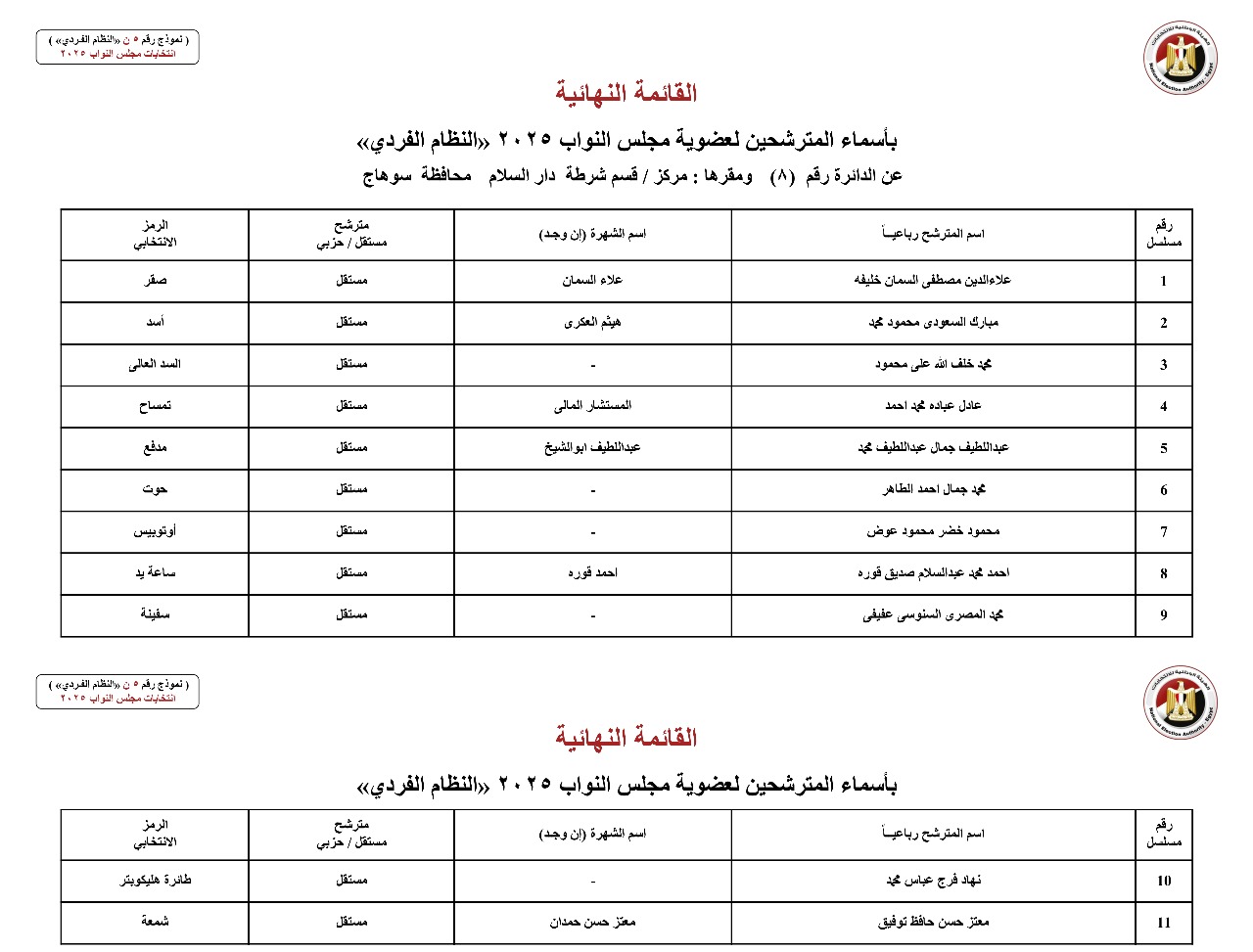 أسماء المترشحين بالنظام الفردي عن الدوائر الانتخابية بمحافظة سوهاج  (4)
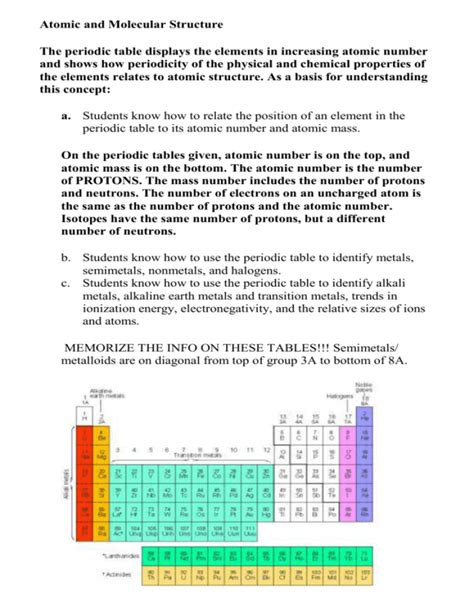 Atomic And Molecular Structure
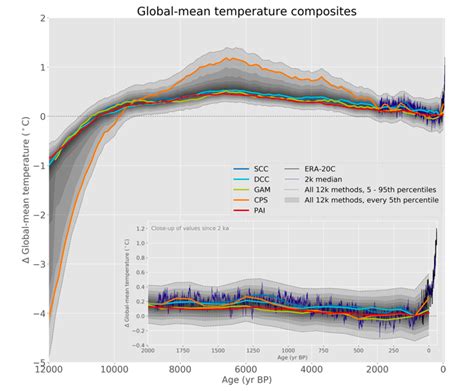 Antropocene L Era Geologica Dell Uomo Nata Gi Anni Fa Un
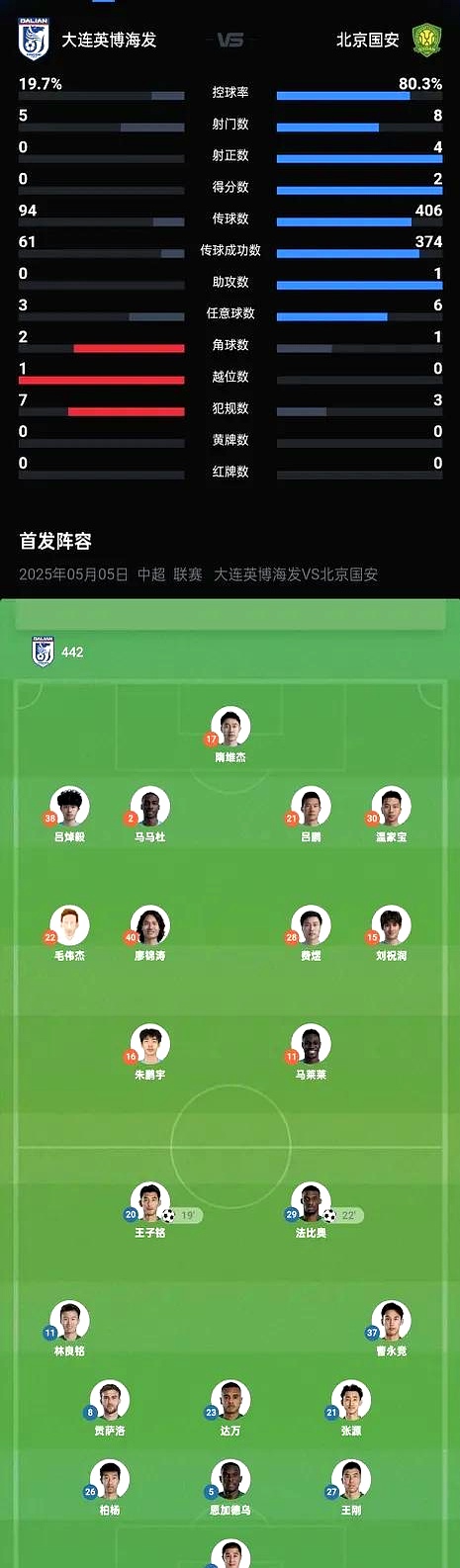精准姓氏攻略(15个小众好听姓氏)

_ _ _ _ _

*EXERCISE GOAL:* Please set the data above down exactly, with the pictures removed.

*RESPONSE AREA:*
 أسماء المترشحين بالنظام الفردي عن الدوائر الانتخابية بمحافظة سوهاج  (4)
 Atomic And Molecular Structure
 Antropocene L Era Geologica Dell Uomo Nata Gi Anni Fa Un
精准姓氏攻略(15个小众好听姓氏)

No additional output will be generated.